Tuesday, February 12, 2008

Fisenge Church


Fisenge Church

Each Sunday morning we have gone with our hosts to the Fisenge United Methodist Church where John Enright pastors with a young Zambian pastor-in-training. The village of Fisenge is an old community and well off the beaten path—or a distance from the tarred highway at least. As is the custom in Zambia, all the churches are located on the same street. Their close proximity to each other, and their lack of windows, means that you can literally hear the neighboring church at prayer, song, or preaching.

Fisenge United Methodist is a tiny church in a former home with about 80 in attendance. This is a new congregation, started in very recent years by John’s father before his death. Simple plastic chairs or benches seat adults in one section, with children seated in another section at a right angle to the adults. The children sit under the banner “God’s Kids” with pictures they have drawn and colored. God’s Kids is a program for children started in varied localities by Lorraine Enright, John’s 83 year old mother who spends half of each year in Zambia. Instead of Sunday School, Fisenge has its children’s programming on Wednesday afternoon. Local church members carry on the God’s Kids programs when Lorraine is in the States during winter months.

We have been surprised by the length of the Fisenge service: about 1 to 1-1/2 hours and short by African standards. Evidently the shorter service is intentional as people often have difficulty with the more traditional and longer services. It includes a time of singing, a choir number, simple preaching, and an offering and prayer in closing.

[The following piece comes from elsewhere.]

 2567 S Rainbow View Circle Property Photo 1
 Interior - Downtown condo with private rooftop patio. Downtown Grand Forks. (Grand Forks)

The church is a simple brick and plaster structure with uncovered openings for windows. The inside has a concrete floor, plastered walls, and a tin roof. No soft surfaces muffle the sound of singing or speaking or falling rain. One Sunday it rained too hard to even hold church—the noise against the tin roof would have made hearing impossible. Another Sunday the rain fell while we were there, creating a predicament for the speaker. The congregation simply sang and sang until the rain let up and speaking could be heard again. The sound of the singing and the pounding of rain upon tin created quite a din, a noise I’ve never heard before.

The choir is made up of about 5-6 people, three of them nursing mothers. They keep their babies on their back or nurse them openly, as is the custom here. The choir’s combination of music and simple dance is very pleasant. Their young director even writes most of their music. Congregational singing is from a hymn book (words in Bemba but no music), with many of the tunes familiar from Western hymnody. The best, though, is when they break out in African-styled rhythms and harmonies, accompanied by intricate claps, dance, and much repetition. Perhaps this is considered African “praise” music (or African gospel, as I’ve heard it said).

We have enjoyed the simplicity of the Sunday sermons. Stories about widows, oil pots, hunger, healing, orphans, miracles, and more take on a new life in an African setting. There is an immediacy and urgency to faith that one simply can’t experience in the West. We are reminded that Christ was announced by the angels as “Good News” at the time of His coming. And He is Good News indeed.